Premiers rendez-vous pour le conseil citoyen : les vendredi 10 et samedi 11 novembre, en salle du Conseil de l’hôtel de Métropole.
participer.montpellier.fr/ia
Cédric Villani : « Un exemple inédit à l’échelle nationale »
Qu’est-ce qui vous a décidé à rejoindre le comité d’experts ?
Cédric Villani : En premier lieu, une curiosité sincère. Cette convention citoyenne est un exemple inédit à l’échelle nationale et j’ai tout de suite été séduit. Je mets un point d’honneur à continuer de me tenir très informé de tout ce qui se passe dans le domaine de l’intelligence artificielle. Et je pense que cette expérience à Montpellier va être très riche d’enseignements. J’avais donc envie de la voir d’aussi près que possible et d’aider à son fonctionnement.
Quel doit être le rôle d’une convention citoyenne ?
C.V. : À l’échelle du territoire, en tant qu’habitant de la Métropole, d’exprimer ce que l’on veut que la Métropole porte comme usage de l’I.A., pour améliorer les politiques menées. Par exemple, dans le cadre de la stratégie de MedVallée, « nourrir, soigner, protéger », on peut s’interroger pour savoir comment demain, on soignera mieux grâce à l’I.A., comment les technologies viendront servir au mieux ces enjeux, qu’est-ce qu’on jugera acceptable ou pas. Et quel message la Métropole portera éventuellement comme position dans le débat national, voire international.

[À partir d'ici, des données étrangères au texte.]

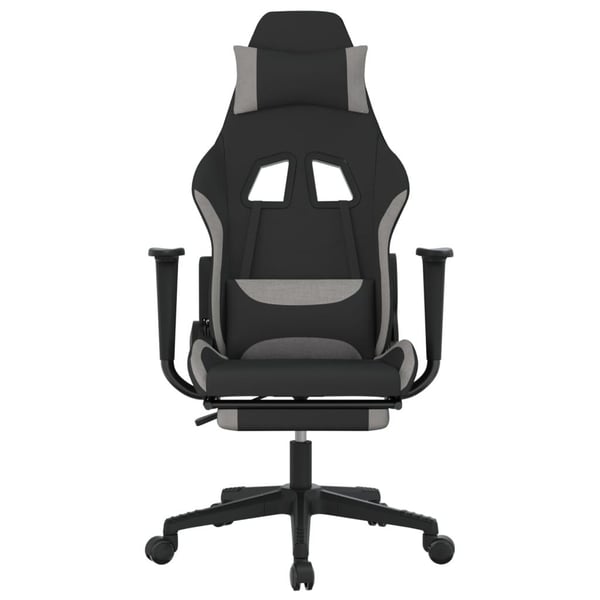 vidaXL gamingstol med massagefunktion + fodstøtte stof sort og lysegrå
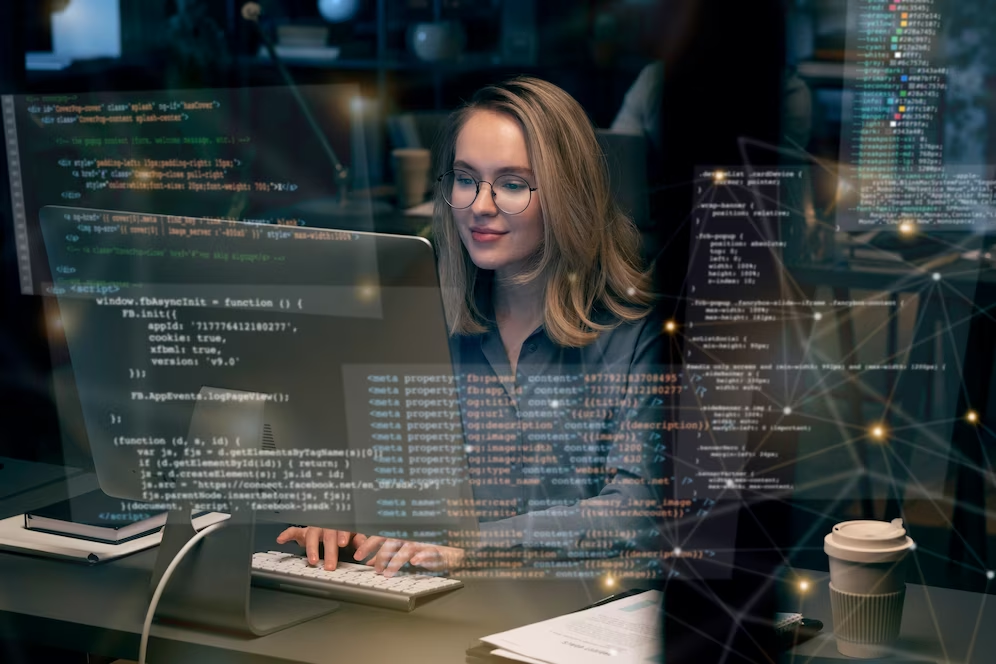 A woman is working on a computer with code on the screen.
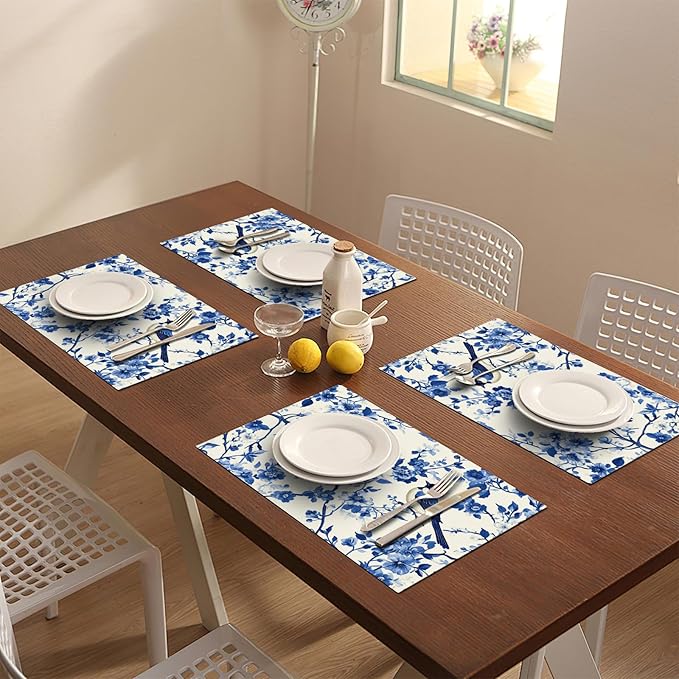 Flower Bird Placemats Set of 6, Blue Birds Place Mats,Blue and White Floral Waterproof Washable Table Mats for Home Party Indoor Kitchen Dining Table Decoration 12x18 Inch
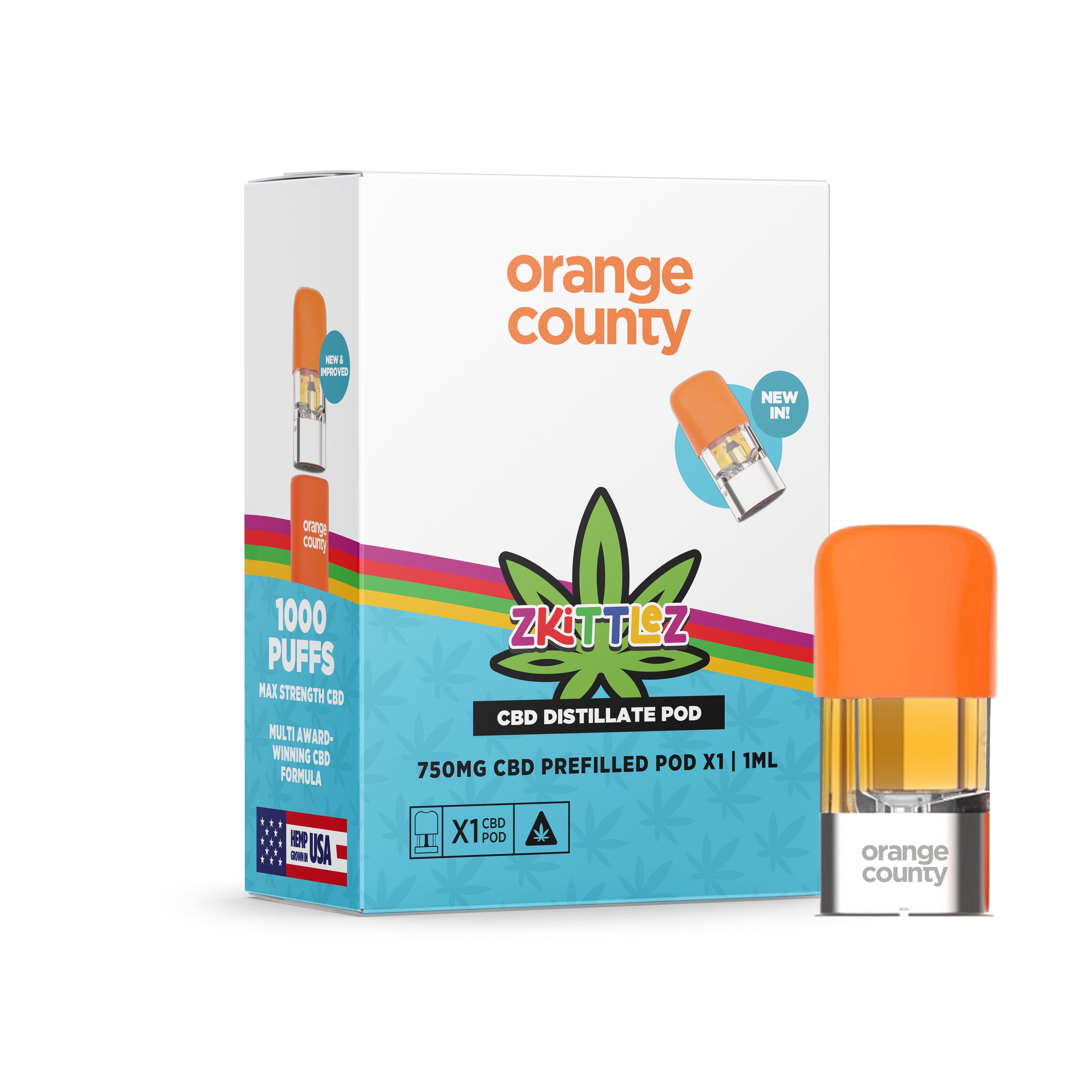 Orange County CBD distillate pod with packaging on a white background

Depuis votre rapport parlementaire en 2018, y-a-t-il des choses qui vous ont surpris sur l’évolution de l’I.A. ?
C.V. : Au plan technique, comparé à il y a cinq ans, il y a des domaines qui ont mieux marché que d’autres. En 2018, la notion de véhicule autonome était sur sa lancée. Aujourd’hui, c’est un peu la gueule de bois. En terme de confort, de réduction de trafic, de consommation, l’intérêt ne semble plus aussi pertinent. En revanche, les I.A. génératives, qui permettent de générer textes, images ou autres médias, à l’exemple de ChatGPT, ont connu une accélération et des résultats que personne, je pense, ne pouvait prévoir à l’époque. Mon grand enseignement en revanche, c’est que, avant la technique, l’enjeu crucial en matière de technologie tient à la façon dont les politiques s’approprient le sujet. Avec une réflexion globale et transversale. Et c’est ce qui m’intéresse aussi dans cette expérience menée à Montpellier.